[What you are asked to do] Repeat, word for word, each of the records shown below, without their pictures.

* * * * * * * * *

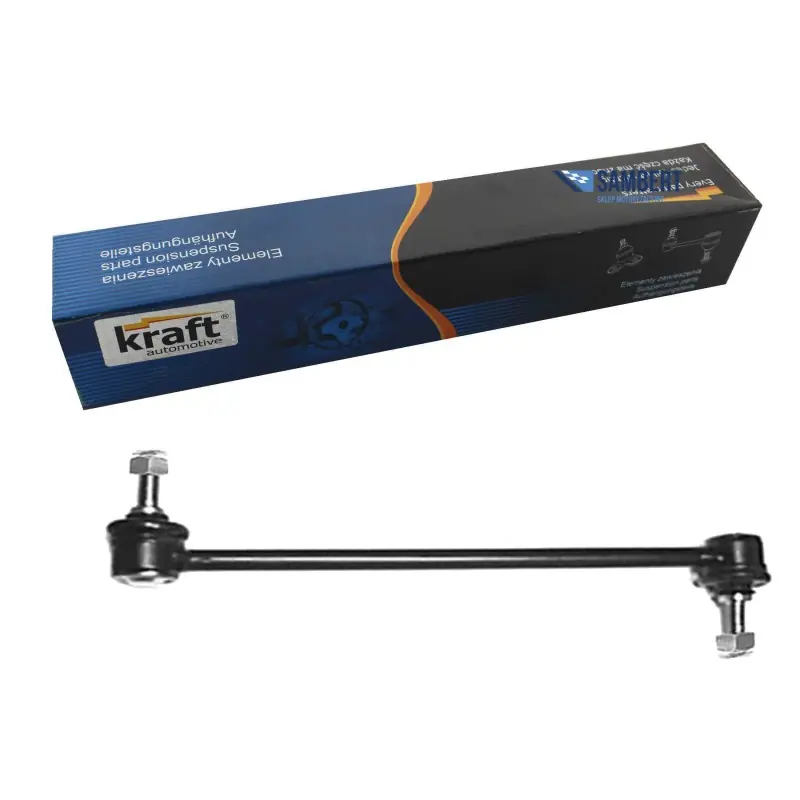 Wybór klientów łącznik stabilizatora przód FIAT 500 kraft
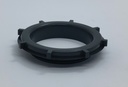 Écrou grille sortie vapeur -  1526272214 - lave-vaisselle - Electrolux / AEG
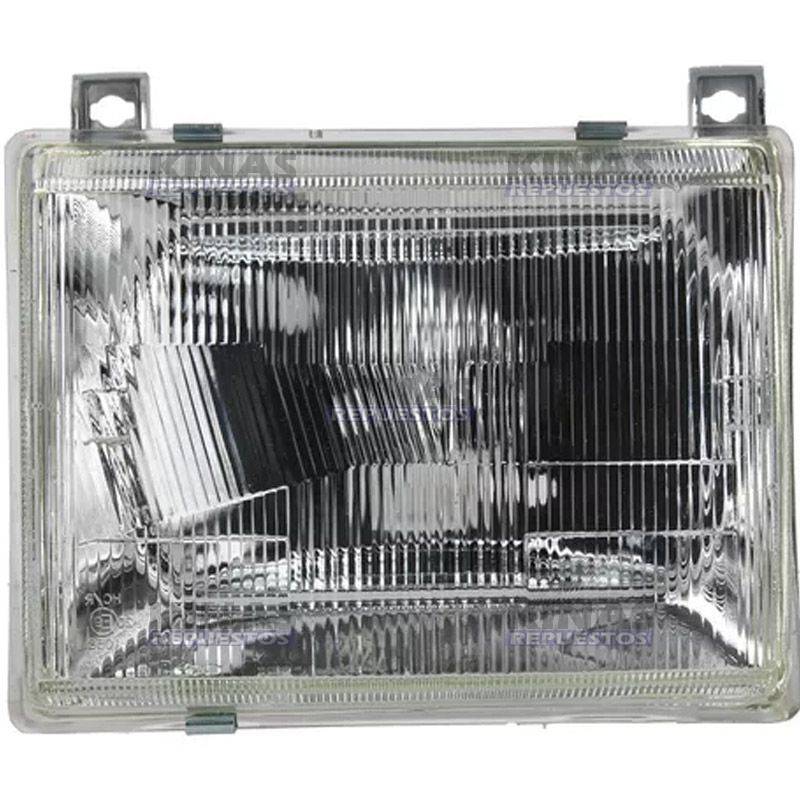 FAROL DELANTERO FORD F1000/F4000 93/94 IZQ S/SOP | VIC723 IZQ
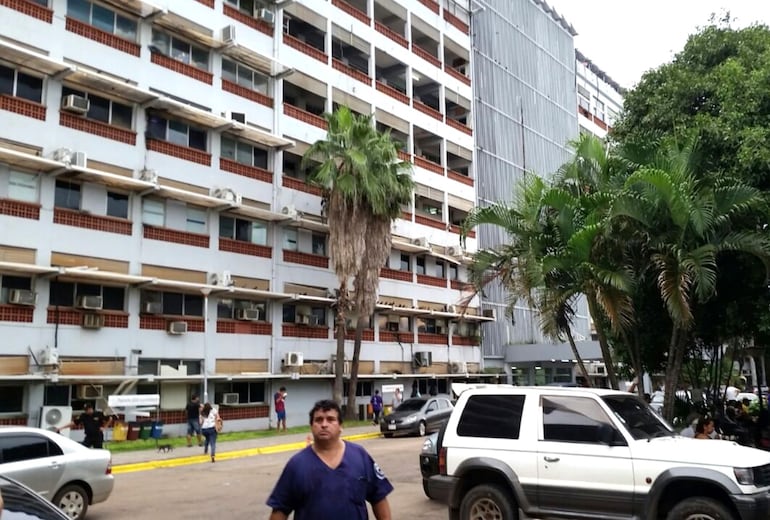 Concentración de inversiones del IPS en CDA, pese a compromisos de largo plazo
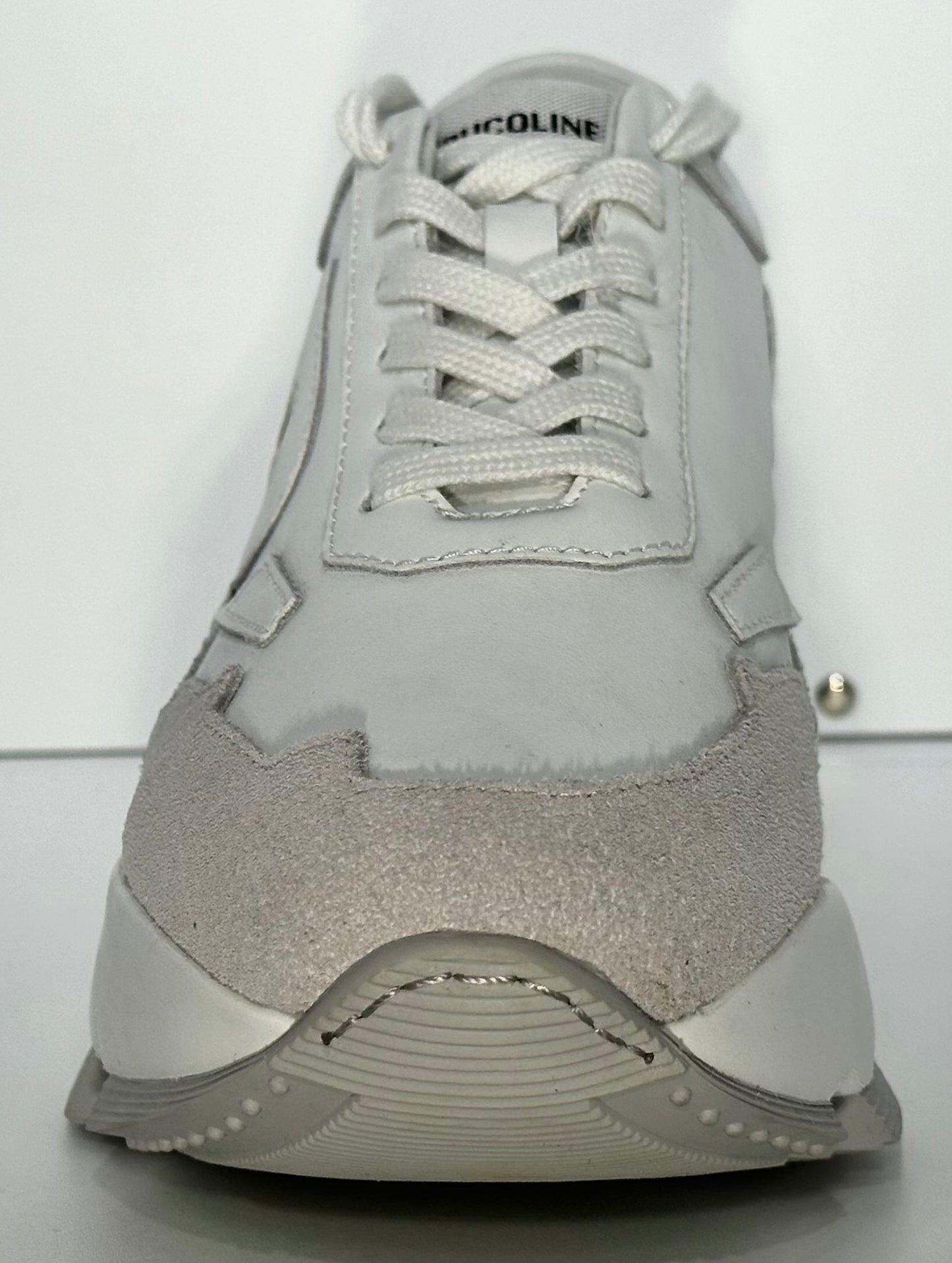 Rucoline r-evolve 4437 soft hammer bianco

* * * * * * * * *

[Solution to this task]
 Wybór klientów łącznik stabilizatora przód FIAT 500 kraft
 Écrou grille sortie vapeur -  1526272214 - lave-vaisselle - Electrolux / AEG
 FAROL DELANTERO FORD F1000/F4000 93/94 IZQ S/SOP | VIC723 IZQ
 Concentración de inversiones del IPS en CDA, pese a compromisos de largo plazo
 Rucoline r-evolve 4437 soft hammer bianco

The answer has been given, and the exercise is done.